A prototype developed by AWS WWSO Prototyping.
- Overview
- Prerequisites
- Deployment Steps
- Deployment Validation
- Running the Guidance
- Next Steps
- Cleanup
- Notices
The AI Research Platform is an AI-powered research assistant built on AWS, featuring a Next.js frontend deployed on ECS Fargate behind CloudFront, with AI agents running on Amazon Bedrock AgentCore. Agents are powered by Claude Sonnet 4.5 and equipped with tools for code execution, knowledge base retrieval, web search, and task management. Users can create custom agents with tailored system prompts, while all conversations persist to PostgreSQL for context continuity. The infrastructure is defined in AWS CDK with a self-mutating CI/CD pipeline, Cognito authentication, and secure VPC networking.
⚠️ Regional Limitation: This solution is currently hard-coded to deploy in us-east-1 due to the staggered release of Amazon Bedrock AgentCore services across AWS regions. Support for additional regions will be added as AgentCore becomes generally available in those regions.

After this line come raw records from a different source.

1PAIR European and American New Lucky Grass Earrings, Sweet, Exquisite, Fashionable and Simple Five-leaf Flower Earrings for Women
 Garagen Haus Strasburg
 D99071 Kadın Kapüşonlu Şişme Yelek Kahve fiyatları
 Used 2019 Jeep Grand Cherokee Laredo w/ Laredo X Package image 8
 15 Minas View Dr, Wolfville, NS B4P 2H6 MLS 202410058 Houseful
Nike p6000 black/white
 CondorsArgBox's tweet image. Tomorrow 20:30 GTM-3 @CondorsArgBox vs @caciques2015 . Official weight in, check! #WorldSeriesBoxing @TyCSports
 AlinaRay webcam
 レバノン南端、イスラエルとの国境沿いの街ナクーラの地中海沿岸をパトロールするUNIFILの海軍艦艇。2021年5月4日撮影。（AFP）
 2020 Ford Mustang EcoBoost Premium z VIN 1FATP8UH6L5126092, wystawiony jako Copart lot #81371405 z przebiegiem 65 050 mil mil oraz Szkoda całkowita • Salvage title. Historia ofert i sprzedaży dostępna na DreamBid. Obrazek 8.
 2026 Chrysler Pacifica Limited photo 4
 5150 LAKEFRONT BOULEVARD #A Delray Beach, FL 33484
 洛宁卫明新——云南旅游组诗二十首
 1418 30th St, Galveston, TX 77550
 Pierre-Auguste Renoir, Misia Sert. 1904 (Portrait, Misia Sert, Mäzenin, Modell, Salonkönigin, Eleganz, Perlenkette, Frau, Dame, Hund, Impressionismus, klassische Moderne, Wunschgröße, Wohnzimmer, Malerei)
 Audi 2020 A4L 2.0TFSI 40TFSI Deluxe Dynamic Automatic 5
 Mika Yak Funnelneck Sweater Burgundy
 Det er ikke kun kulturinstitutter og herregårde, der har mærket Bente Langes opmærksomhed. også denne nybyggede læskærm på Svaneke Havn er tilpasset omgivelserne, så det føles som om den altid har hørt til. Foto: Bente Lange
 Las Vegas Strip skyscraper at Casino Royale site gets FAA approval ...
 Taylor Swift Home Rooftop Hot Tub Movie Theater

| Category | Monthly Cost |
|---|---|
| Compute (ECS Fargate) | $52.45 |
| Database (RDS PostgreSQL) | $61.88 |
| Storage & Backup | $13.50 |
| Elasticache Serverless | $54.00 |
| Load Balancer | $16.43 |
| CloudFront | $8.50 |
| Lambda Functions | $2.00 |
| Cognito | $0.55 |
| Secrets Manager | $0.80 |
| Bedrock AgentCore (Gateway + Runtime) | $7.00 |
Total Monthly (Fixed) Costs: $217.19
| Component | Cost Structure |
|---|---|
| AgentCore Runtime | $0.10 per active hour; $0.000008 per request |
| AgentCore Runtime (detailed) | $0.0895 per vCPU-hour; $0.00945 per GB-hour |
| AgentCore Gateway | $5 per million tool invocations |
| AgentCore Memory (short-term) | $0.25 per 1,000 events |
| AgentCore Memory (long-term) | $0.75 per 1,000 records |
| Claude Sonnet 4.5 (input) | $3 per million tokens |
| Claude Sonnet 4.5 (output) | $15 per million tokens |
| Claude Haiku 4.5 (input) | $1 per million tokens |
| Claude Haiku 4.5 (output) | $5 per million tokens |
AgentCore's serverless architecture provides significant cost efficiency. Since you only pay for actual CPU usage, long-running tasks where the agent is looping or processing will cost substantially less compared to Lambda invocations, as the charges are based on compute time rather than per-invocation billing.
- Git
- Conda – Download and install from https://github.com/conda-forge/miniforge/releases.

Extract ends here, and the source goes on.